2. New writers often mistakenly believe they need a nondisclosure agreement (NDA) to protect their material. Your work is legally copyrighted the moment you commit it to print, making NDAs cumbersome, unnecessary, and often a sign of professional mistrust.
3. Most editors require a deposit to get your book on their calendar, customarily ranging from a flat fee of $100 or more to the first half of the total fee. You can expect to pay your total editing bill in full before the editor releases the edited manuscript.
4. If you can’t or don’t want to use your editor’s preferred payment method, aren’t located in the same country as they are, or prefer a slow payment method like personal checks, ask if your choice will create any issues. Allow enough time to process payments without holding up the project.
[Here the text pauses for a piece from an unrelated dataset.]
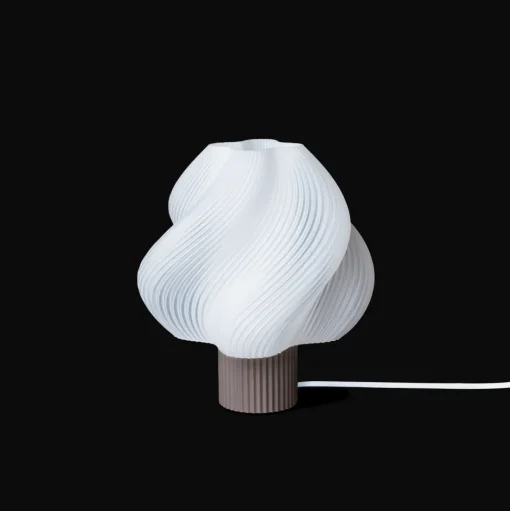 Crème Atelier Soft Serve Grande Bordlampe Mocha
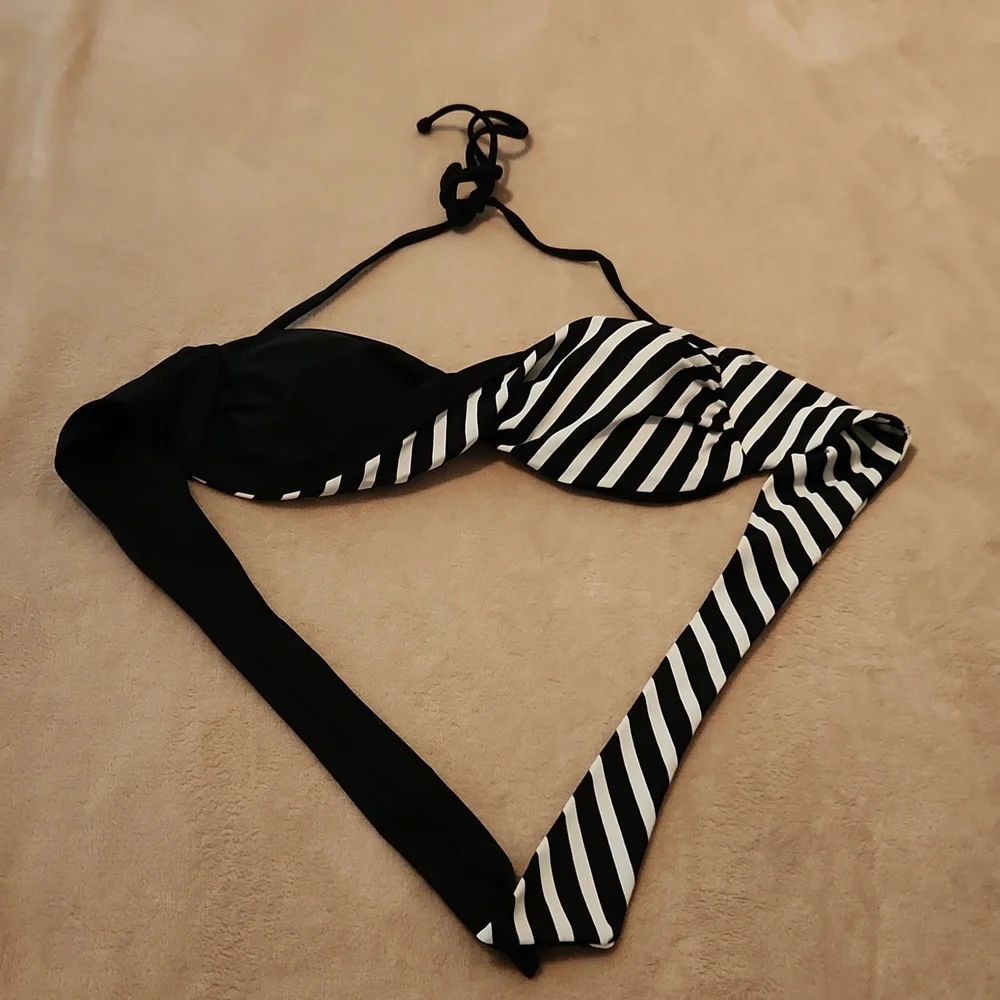 Bikini - Picture 5 of 7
5. Missing your editing date by even a day or two could leave your manuscript without time to fit into its scheduled slot, if the deadline is tight or your editor is busy. Communicate as soon as you suspect you may have a problem hitting your scheduled editing date.
6. The time it takes to edit a manuscript varies widely, depending on your manuscript’s needs, the type of editing, and the editor’s schedule and work practices. Developmental editing usually takes the longest. Line editing is slower than copyediting, and proofreading is the fastest editing service.
If there were such a thing as a typical editing rate among all these levels of service, it might run from 20,000 to 35,000 words per week. You get what you pay for. If all the editor has time for is a breakneck race through the manuscript, that’s precisely what you’ll get.